Lori's wedding day surprised everyone, most of all Lori. No one could have foreseen, even 24 hours earlier, how events would unfold.
Plans for the wedding had begun a year before. The ceremony was scheduled at a local synagogue and the reception at a beautiful beachfront hotel, where out-of-town guests would stay. For months, Lori pored over floral arrangements for herself and her attendants, and chose white roses for the centerpieces.
"The hardest job was making seating charts," said Annette, the mother of the bride. "It took me months to work out the arrangements. I didn't want to end up seating a cousin with no other relatives, or putting all quiet people at one table!"
The weekend of the wedding arrived. Although the event was scheduled for Sunday afternoon, guests began arriving on Friday, hoping to enjoy a beautiful autumn weekend in Florida. That night, as many socialized in the hotel lobby, those hopes were dashed as the radio broadcast news of a tropical storm nearing hurricane strength, hovering some miles offshore.
"Don't worry," the bride's father said. "We'll get some rain and a little wind. We can handle that."
At 2 a.m. on Saturday, with the wind roaring and the rain pelting the house on all sides, The mother of the bride awoke in time to hear the phone ring. "We're being evacuated!" shouted a wedding guest. "Where should we go?"
"Evacuated?" Annette repeated. "Come to our place."

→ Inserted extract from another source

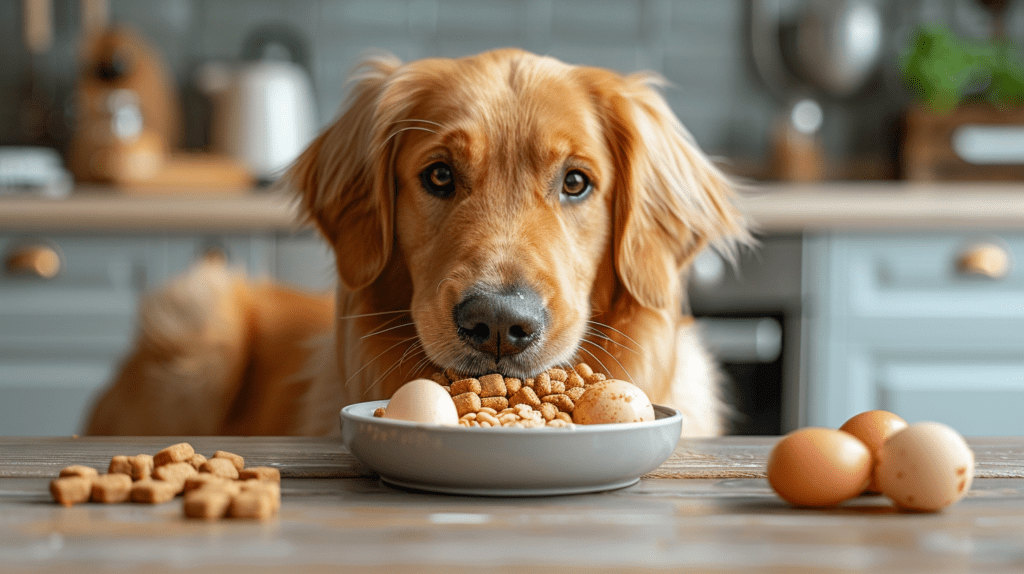 Flat design of a golden retriever eating duck eggs with kibble.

Within an hour, 25 people poured into the bride's home. Every couch, armchair, and patch of floor soon housed a sleepy guest. The rains continued to beat the walls of the house and the winds to whip through the trees, bending them to meet the roof.
"Annette!" came her husband's voice from the kitchen, "I called the hotel. They're under water and have lost half the kitchen. They said we're on our own."
Lori spent Saturday night sobbing. All that planning would be blown away in a tropical storm, and she'd have to cancel the wedding.
By Sunday morning, the winds and rain had subsided. The synagogue, being inland, had not been damaged, but finding a reception site for more than 100 people with only 24 hours' notice was a daunting task. Most of the beach places were flooded. The few still operating had rapidly filled up with displaced visitors from other hotels.
When the bride's parents at last secured a place, Lori burst into tears.
"Wong's Chinese Restaurant? For my wedding reception?"
"You love Chinese food," said Annette, trying to soothe her daughter's anxiety. "Let's talk to Mr. Wong."
Lori left the room, not quite consoled.
"Do you have room for the band?" Lori later asked Mr. Wong.
"We can make a place for at least some of them," he said.
The ceremony took place on time. The out-of-town guests, who had left their finery in the waterlogged hotel, showed up in whatever they'd been able to borrow: tennis shoes, raincoats, baggy pants, and loose skirts. No one seemed to notice.
That night the ill-clad visitors joined the more appropriately bedecked locals, as all edged their way into the small restaurant. Inside, a buffet dinner had been hastily assembled. White paper place mats adorned glass covered tables; small silk flowers in plastic vases replaced the canceled arrangements of roses.
Guests landed randomly wherever chairs were available, rendering useless all of Annette's painstaking efforts at seating charts.
"Mom," called Lori. "where should Kevin and I sit?"
"Squeeze in wherever you find a seat," Annette answered.
The band, reduced to three musicians and crammed into the corner, played joyously. "Cel-e-brate good times, come on!"
"How about a hora?" a voice called.
"Where?" Annette asked, her eyes scanning the room, which lacked any usable area for a dance floor.
"Right here in the aisles!" said the bandleader. With the bemused waiters lined up against the wall looking on, the guests snaked their way between tables, using their hips for the movements their feet would have performed with more space. Mr. Wong, who had never seen people dance the hora, found himself laughing as he was pulled into the undulating line.
In the urgency of the moment, no one had time to bemoan the crowded conditions, lack of elegant wedding fare, or rain-soaked evening wear left behind. In 24 hours, a near disaster had been turned into a triumph, leading one to wonder about the importance of the many things that often drive us to tears or despair.
In the end, the joy of sharing life's great moments with friends and loved ones is all that seems to matter.